Michael Punke wrote another Non-fiction book that takes place in Montana - Fire and Brimstone. It is a really fantastic book. In the same way Egan uses the fires of 1910 to tell a larger story about public lands, politics, and great Americans, Punke uses an intense and epic mining disaster/survival event to tell the story of the Copper Kings,corruption, and Montana at the turn of the century.

A couple months ago, a fellow at work lent me A Land Gone Lonesome: An Inland Voyage Along The Yukon River.. The author floats the Yukon and along the way describes some of the most interesting characters who live and have lived in one of the most fascinating landscapes in the world. It's how geography books should be written.
 
Both of those are on the 'to-read' side of my shelf, which is unfortunately much larger than my 'read' side. Glad to hear you enjoyed them.
 
Hijack alert.

Any good books for a 10 year old on outdoors and hunting? My 10 year old reads more than anyone I know. He is begging for some more books. I asked if the school has a library and he said he has read all the books that interest him. He kills all the reading assignments the schools give them, read these books in x amount of months. He typically will read them in a month if they give them 2.

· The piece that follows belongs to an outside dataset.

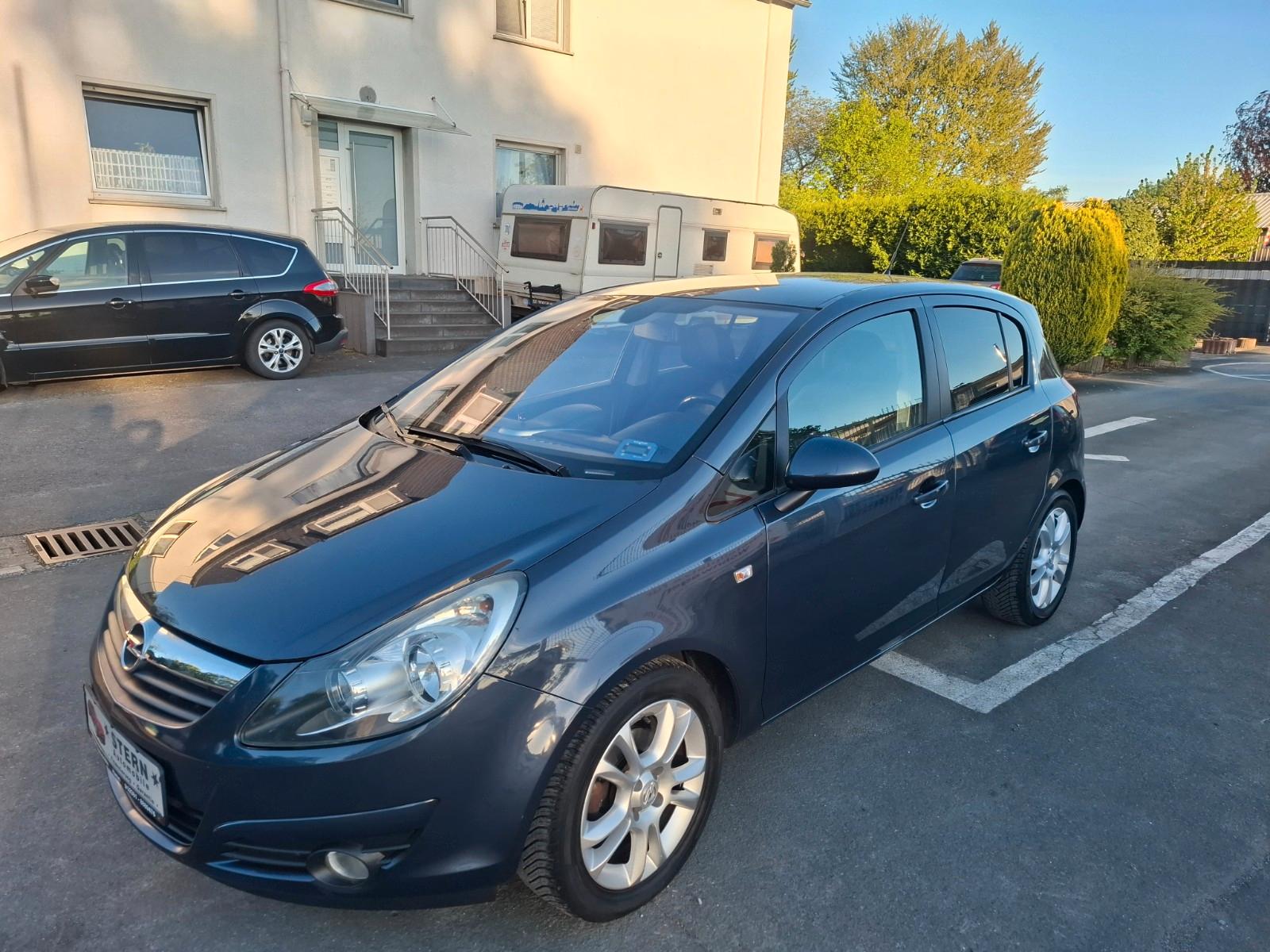 Opel Corsa D Sport/FAHRRADTREGER/1HAND/KLIMAAUTOMATIK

He has read Meateater and American Buffalo. Ya I know they have a few off colored words but he hears them in the blind anyway!
 
One of my favorite books when I was around that age was The Cowboys by Dale Jennings
 
The big burn is on Audible. I listened to it last year on my commute. I'll have to check to see if the other one is available.
 
The Big Burn is a fantastic read. Another book by Egan - The Worst Hard Times - is the best I've read concerning the Dust Bowl...downright terrifying.

While we're commenting on books, just finished up Tovar Cerulli's - The Mindful Carnivore. One of the most insightful books I've ever read particularly in regards to how traditional sportsmen (my dad was a hunter, therefore I am too) defend our sport to non- and anti-hunters. I didn't agree with every single one of his assertions, but it is an excellent read that develops some of the closing arguments found in the Omnivore's Dilemma.

Now I'm tracking through another of Rick Bass' (Yaak native and INCREDIBLE writer) books - The New Wolves. Every single one of his books are either on my "to read" or "haven't read it yet but I will soon" list.
 
Re: wildfire, federal land management policy, and the future of the American West, I HIGHLY recommend a new New York Times article that paints the picture -- based on the best available science and research -- of a pretty grim future for our forests.

Quote: "Nature's script has been disrupted by a series of unusually intense, unusually large fires -- a product of many factors that include government firefighting policies, climate change and bad luck."